Reality: The biggest threat to the well-being of the vast majority of Americans is not the advancement but the continued deprivation of the hungry. Low wages---both abroad and in inner cities at home---may mean cheaper bananas, shirts, computers, and fast food for most Americans, but in other ways we pay heavily for hunger and poverty. Enforced poverty in the Third World jeopardizes U.S. jobs, wages, and working conditions as corporations seek cheaper labor abroad. In a global economy, what American workers have achieved in employment, wage levels, and working conditions can be protected only when working people in every country are freed from economic desperation.

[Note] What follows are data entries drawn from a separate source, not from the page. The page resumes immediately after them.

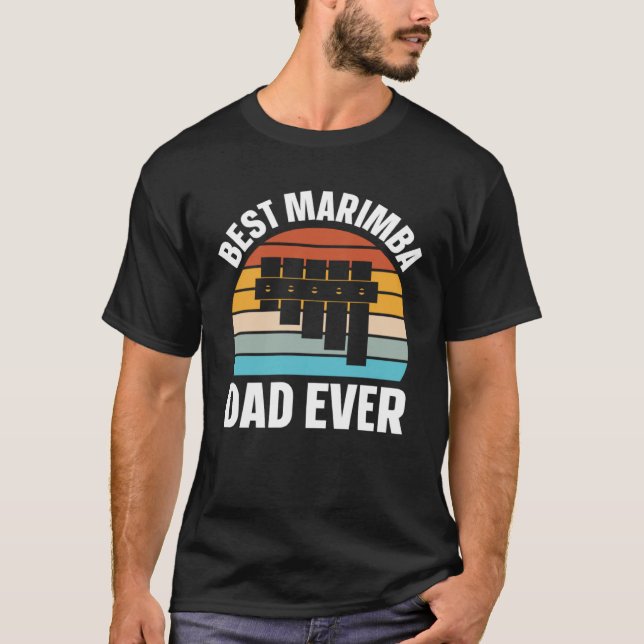 Camiseta Best Marimba Dad Instrument Musician Retro (Anverso)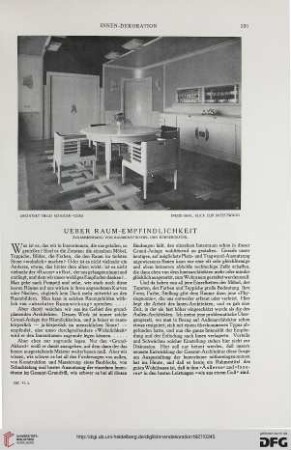 38: Ueber Raum-Empfindlichkeit : Zusammenhang von Raumkräftespiel und Körpergefühl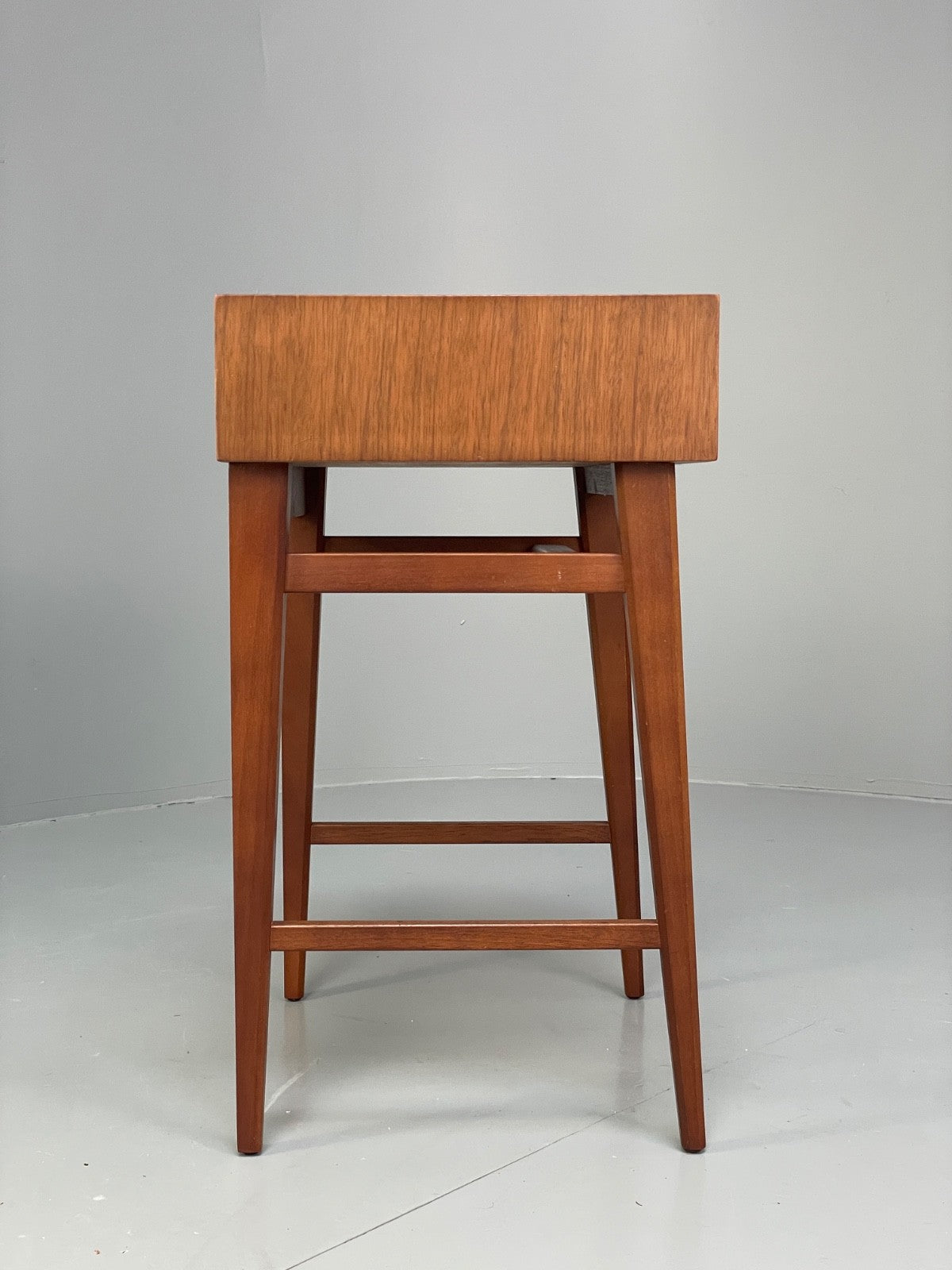 Vintage Meredew Bedside Cabinet Walnut Brass Mid Century 1950s EB9829 MWOO - UKDK FURNITURE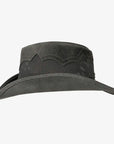 Stampede | Mens Cowhide Leather Cowboy Hat with Mesh Sides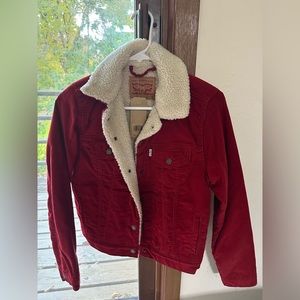 Vintage Levi’s Red Corduroy Sherpa Jacket
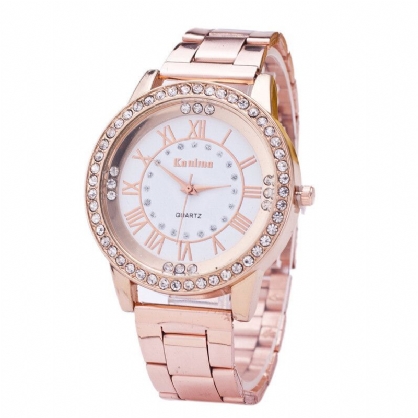 Reloj De Pulsera De Diamantes De Moda Para Mujer Relojes De Cuarzo Con Correa De Acero Inoxidable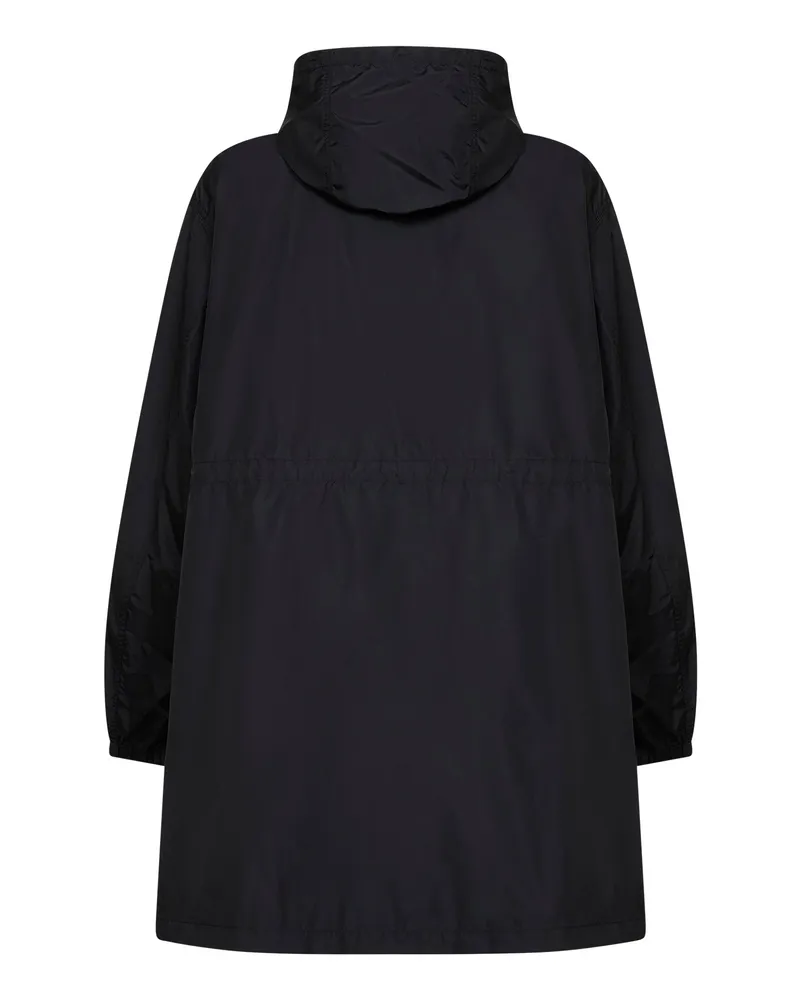 Canada Goose Women's Hooded Parka Lume Black Nylon Polyamide Bomber Jackets Black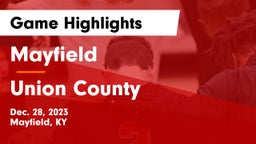 Mayfield  vs Union County  Game Highlights - Dec. 28, 2023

Here at home, policies like welfare reform throw more people into the job market than can be absorbed---at below-minimum-wage levels in the case of `workfare'---which puts downward pressure on the wages of those on higher rungs of the employment ladder. The growing numbers of 'working poor' are those who have part- or full-time low-wage jobs yet cannot afford adequate nutrition or housing for their families. Educating ourselves about the common interests most Americans share with the poor in the Third World and at home allows us to be compassionate without sliding into pity. In working to clear the way for the poor to free themselves from economic oppression, we free ourselves as well.

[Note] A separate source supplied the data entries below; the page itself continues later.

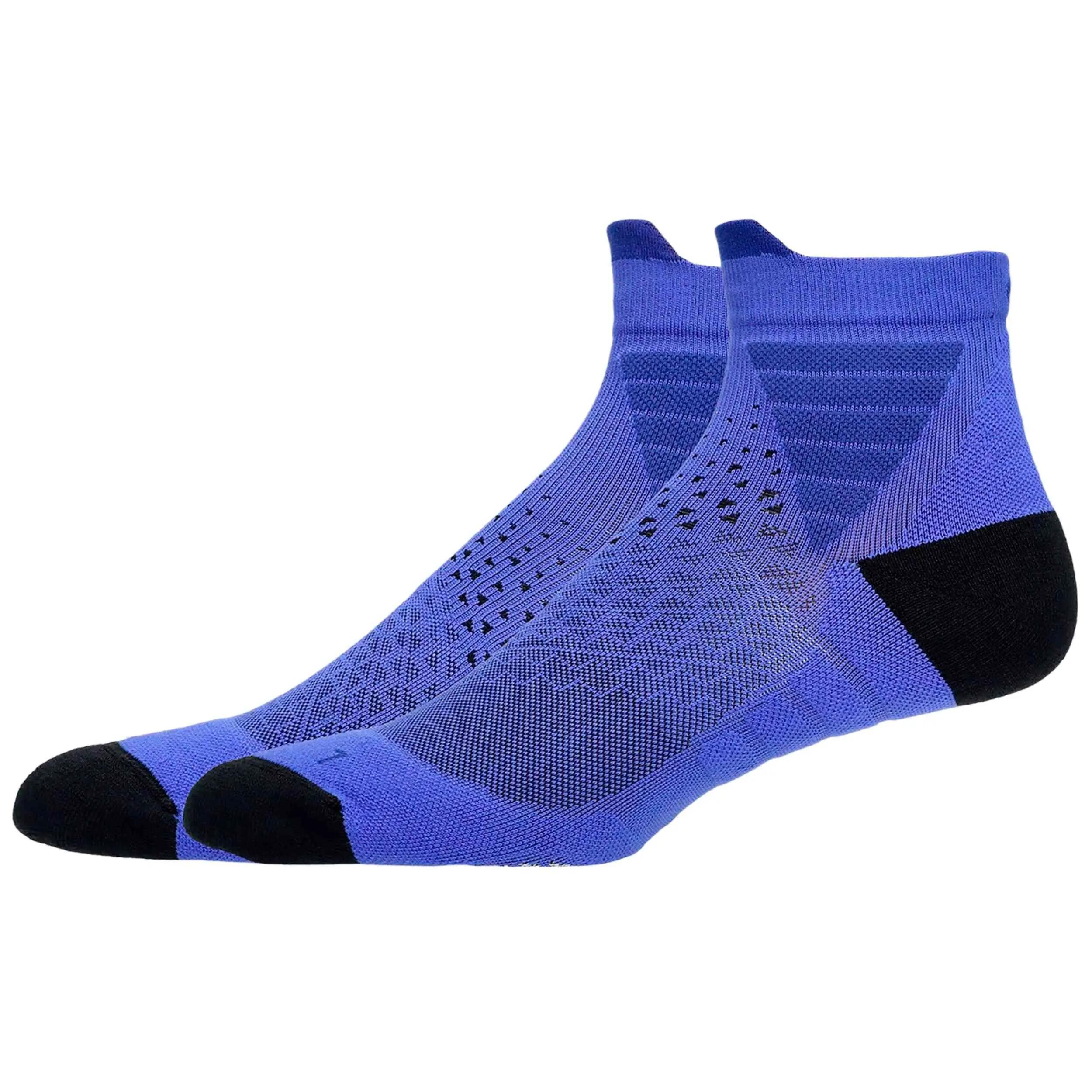Chaussettes de compression Asics modèle Elite Fujitrail Quarter pour unisexe 2/3
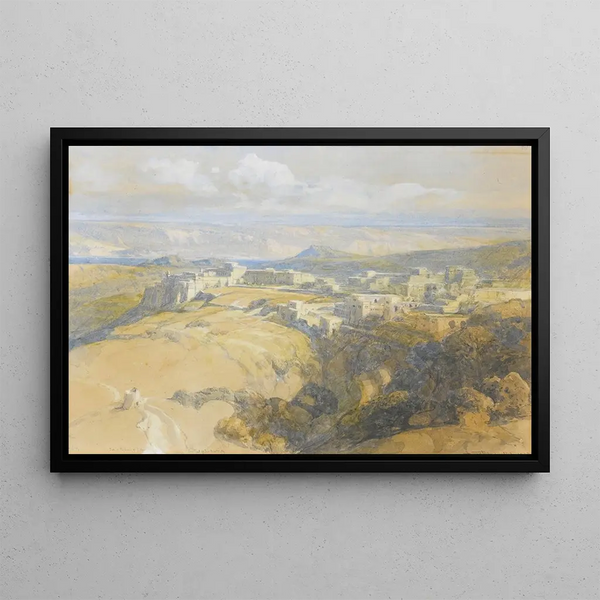 Bethlehem to the Dead Sea - David Roberts — framed artwork on a wall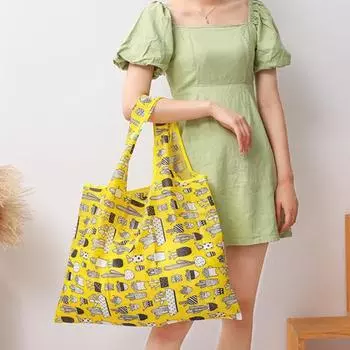 Yousheng Сумка для покупок Большая вместительная моющаяся складная прочная несущая Оксфордская ручная сумка для продуктов ежедневного использования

Reality: There is no theoretical or practical reason why freedom, taken to mean civil liberties, should be incompatible with ending hunger. Surveying the globe, we see no correlation between hunger and civil liberties. However, one narrow definition of freedom---the right to unlimited accumulation of wealth-producing property and the right to use that property however one sees fit---is in fundamental conflict with ending hunger. By contrast, a definition of freedom more consistent with our nation's dominant founding vision holds that economic security for all is the guarantor of our liberty. Such an understanding of freedom is essential to ending hunger.
Based on World Hunger. 12,Myths, Second Edition, by Frances Moore Lappe, Joseph Collins, and Peter Rosser, with Luis Esparza (fully revised and updated, Grove Press and Food First Books, October 1998).